Kazaa usage has fallen 40 percent since the spring, when the Recording Industry Association of America began suing students who ran on-campus file-swapping networks. Kazaa, the most popular file-swapping service, had 17.4 million U.S. unique visitors in March, according to Nielsen//NetRatings, a consulting company that monitors Web traffic. In August, Kazaa users had dropped to 10.4 million, and the numbers are still falling
Let's just summarise for those missing the point: The recording industry blames file-sharing for its forthcoming demise and weeps over the accelerating loss of customers during a period when the use of file sharing is successfully being crushed by their soulless prosecution of 12-year-olds, grandparents and musicians for wanting more music.

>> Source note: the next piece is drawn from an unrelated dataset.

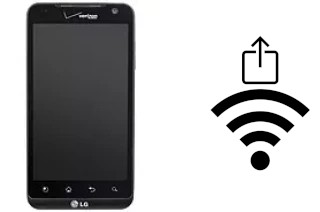 How to generate a QR code with the Wi-Fi password on a LG Revolution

So the question arises: why, if it's all because of file-sharing, did the fall in sales accelerate at a time when file-sharing was reduced? Possible answers that spring to mind include customers not getting to preview products so not buying them, customers deciding that an industry which sues its fans for liking their product needs to be avoided, or some other systemic fault in the music industry that's nothing to do with what other people are doing on the internet and everything to do with what the recording industry isn't doing on the internet.